Prompt: The answer must consist solely of the lines below starting at the one containing "GARNELEN4YOU® FeedLine Samples" and ending at the one containing "Good American Good", repeated exactly, with both ends included and all pictures omitted.

Exercise inputs:
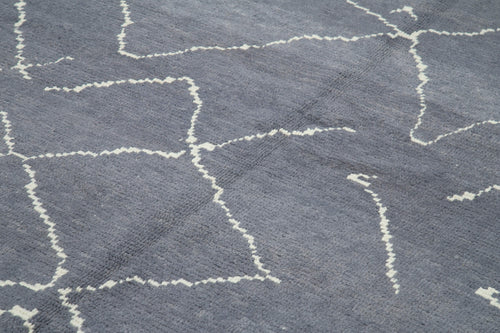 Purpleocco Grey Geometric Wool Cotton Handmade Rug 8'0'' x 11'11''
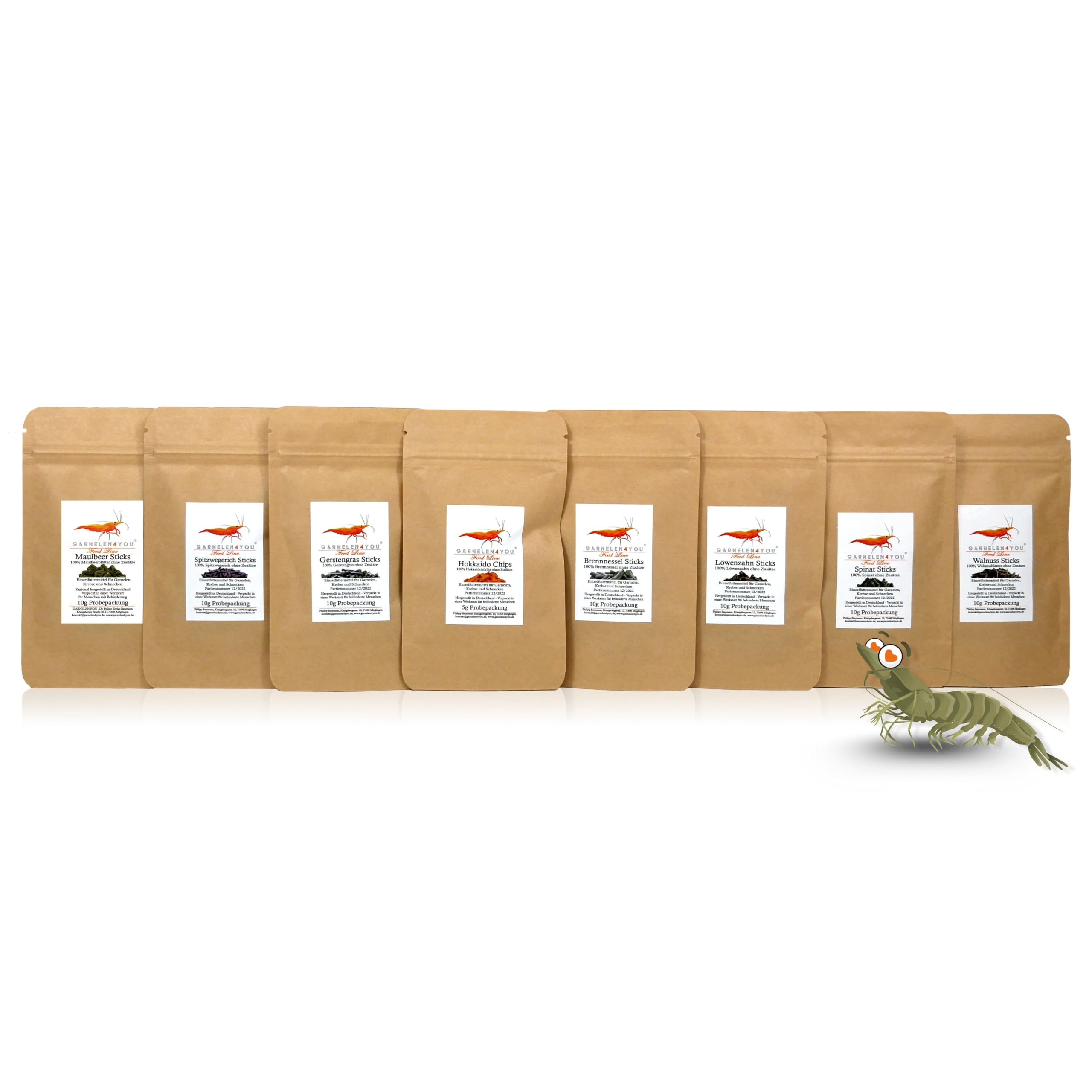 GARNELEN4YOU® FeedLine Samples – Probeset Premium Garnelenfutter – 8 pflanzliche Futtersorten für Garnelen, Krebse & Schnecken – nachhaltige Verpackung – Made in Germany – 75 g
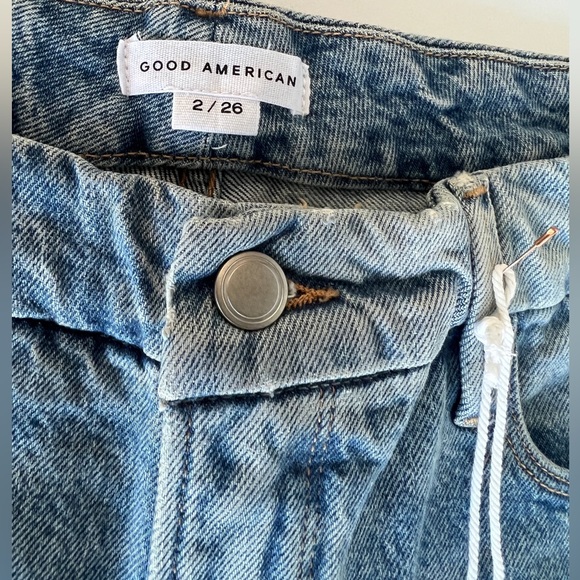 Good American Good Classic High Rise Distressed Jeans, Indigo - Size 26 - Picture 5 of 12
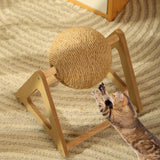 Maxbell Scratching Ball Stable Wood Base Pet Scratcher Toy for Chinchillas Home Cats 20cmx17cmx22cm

...

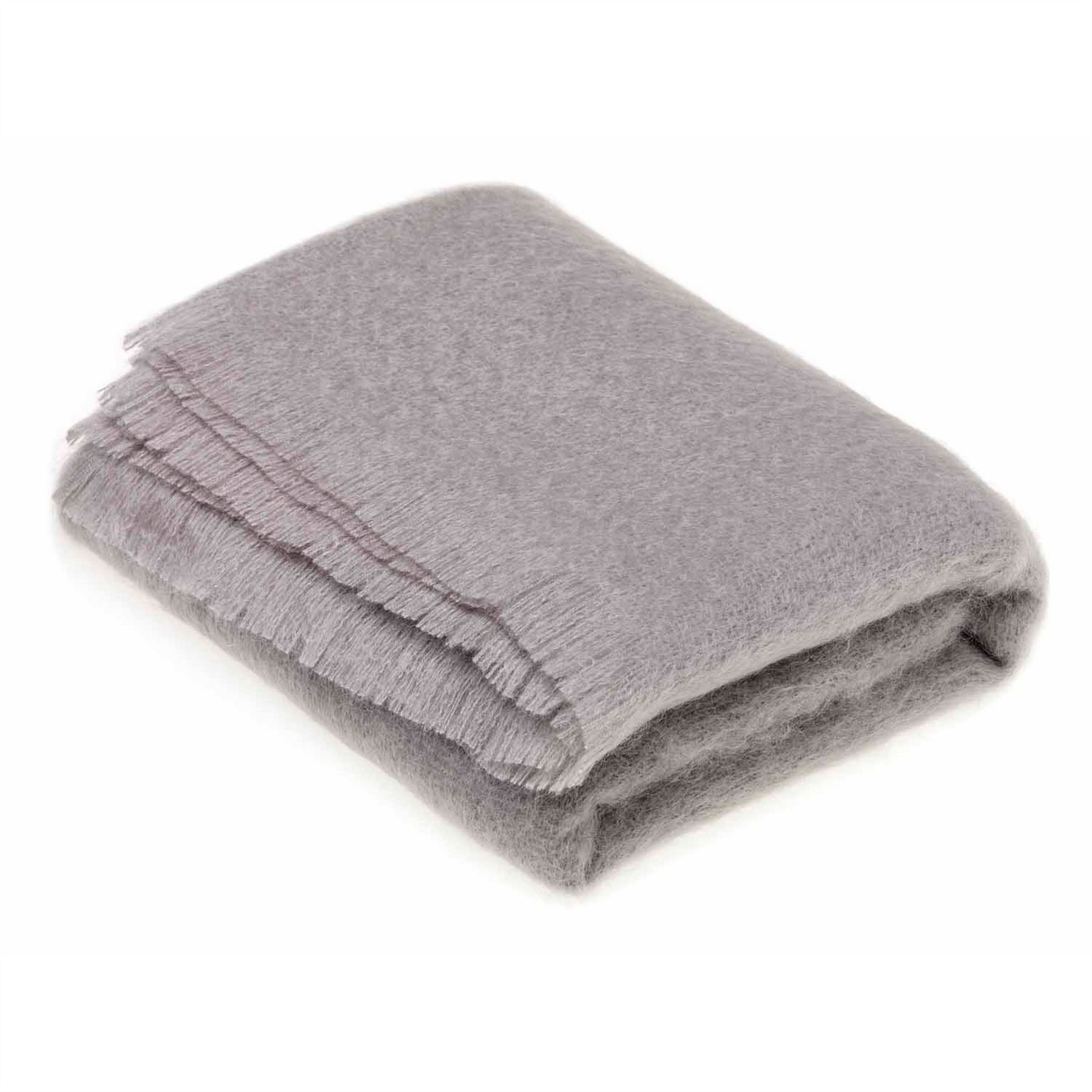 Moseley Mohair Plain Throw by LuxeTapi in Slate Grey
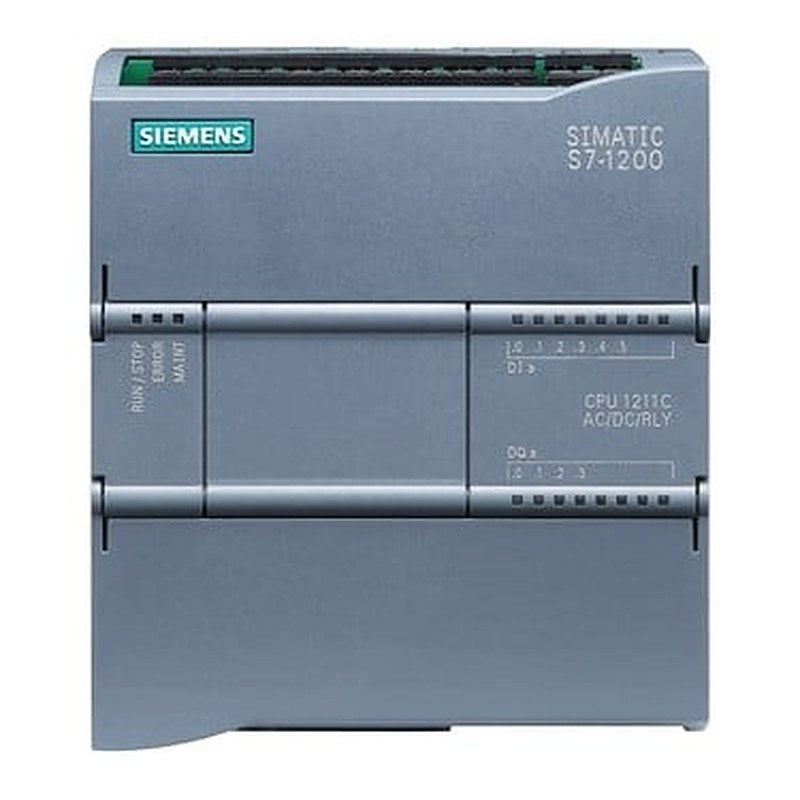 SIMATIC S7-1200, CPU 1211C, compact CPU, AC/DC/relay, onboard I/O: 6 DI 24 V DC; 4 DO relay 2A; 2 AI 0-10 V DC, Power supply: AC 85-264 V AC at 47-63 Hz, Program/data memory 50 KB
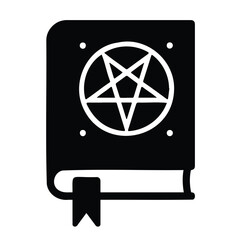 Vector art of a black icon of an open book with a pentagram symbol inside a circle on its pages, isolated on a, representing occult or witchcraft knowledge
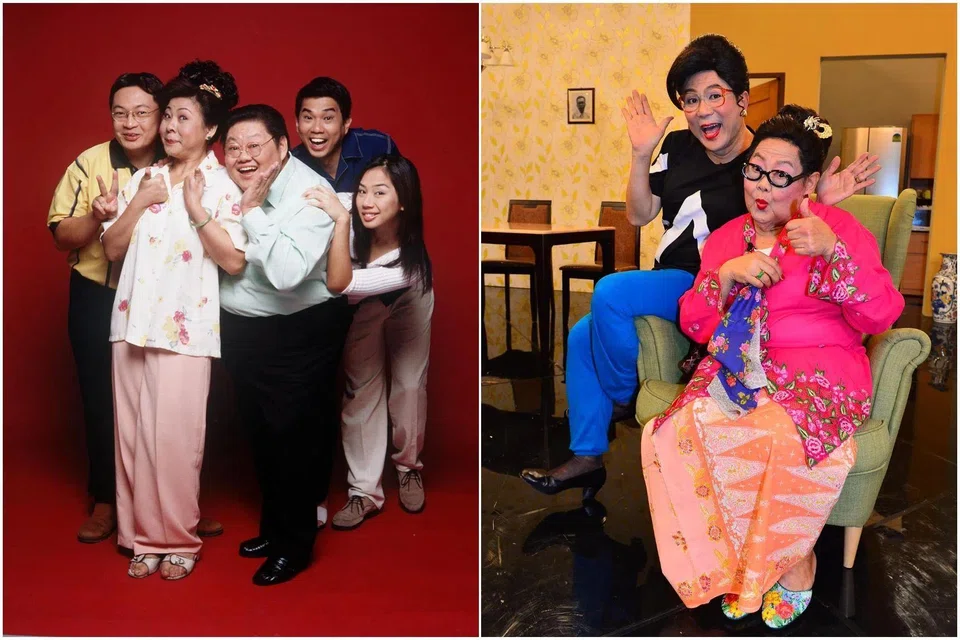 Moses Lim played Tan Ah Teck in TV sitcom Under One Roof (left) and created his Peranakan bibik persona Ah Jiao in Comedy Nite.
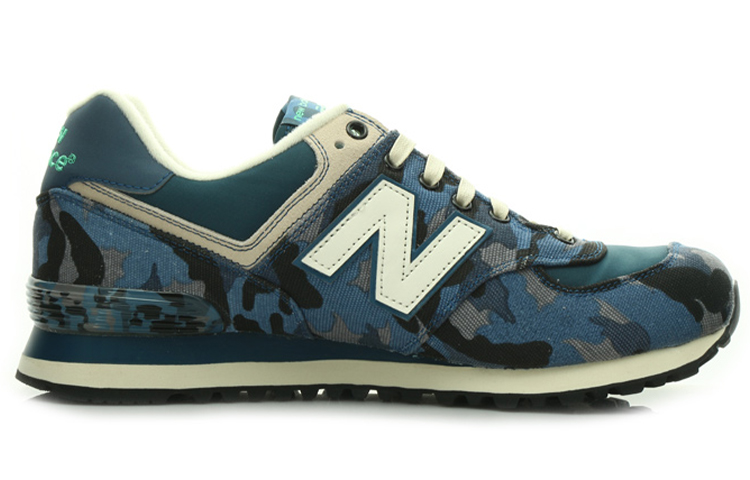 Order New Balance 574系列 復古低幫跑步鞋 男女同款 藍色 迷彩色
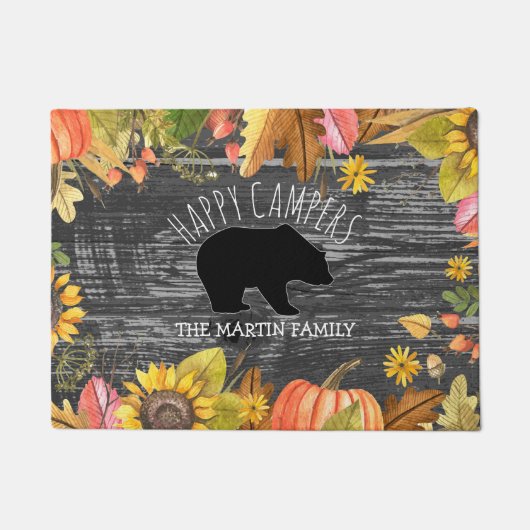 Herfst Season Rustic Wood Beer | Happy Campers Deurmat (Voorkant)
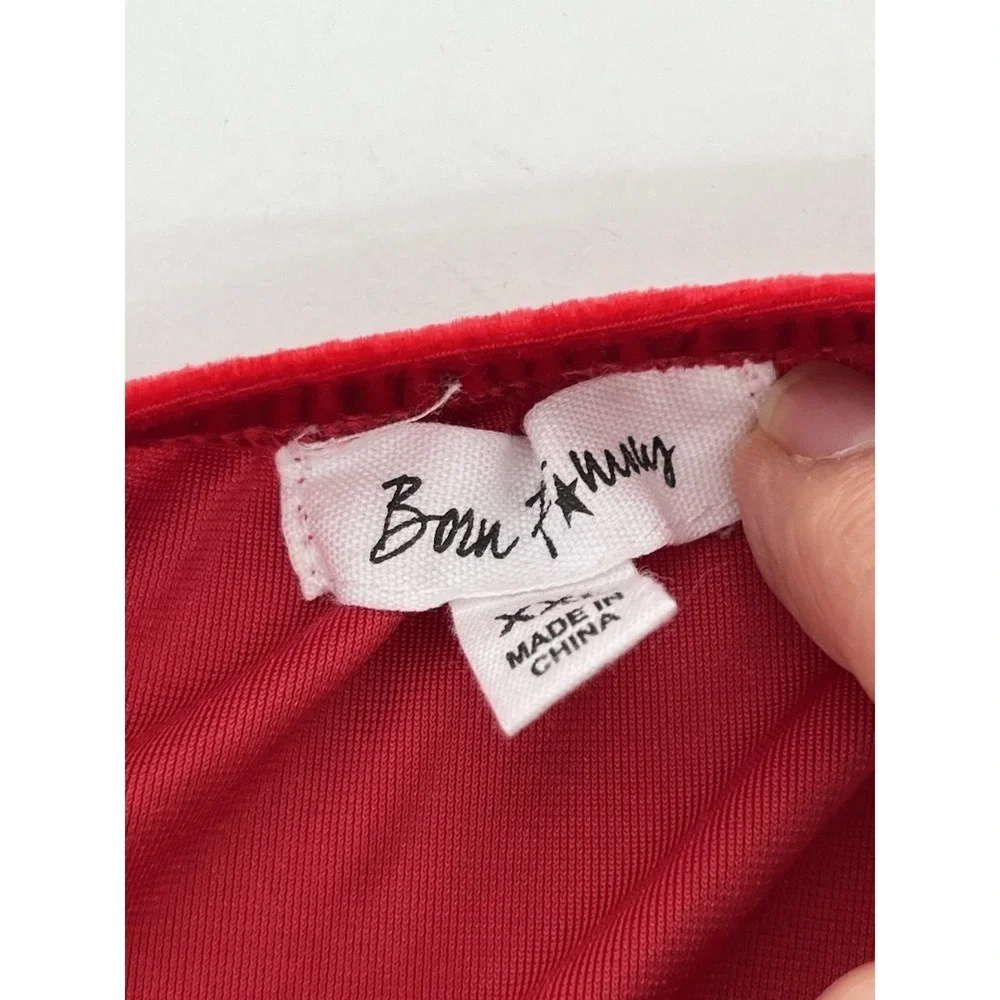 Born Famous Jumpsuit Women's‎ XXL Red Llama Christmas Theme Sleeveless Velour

==

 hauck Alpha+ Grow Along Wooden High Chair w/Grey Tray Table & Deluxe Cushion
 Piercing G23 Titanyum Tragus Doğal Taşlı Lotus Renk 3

Answer to the exercise:
 GARNELEN4YOU® FeedLine Samples – Probeset Premium Garnelenfutter – 8 pflanzliche Futtersorten für Garnelen, Krebse & Schnecken – nachhaltige Verpackung – Made in Germany – 75 g
 Good American Good Classic High Rise Distressed Jeans, Indigo - Size 26 - Picture 5 of 12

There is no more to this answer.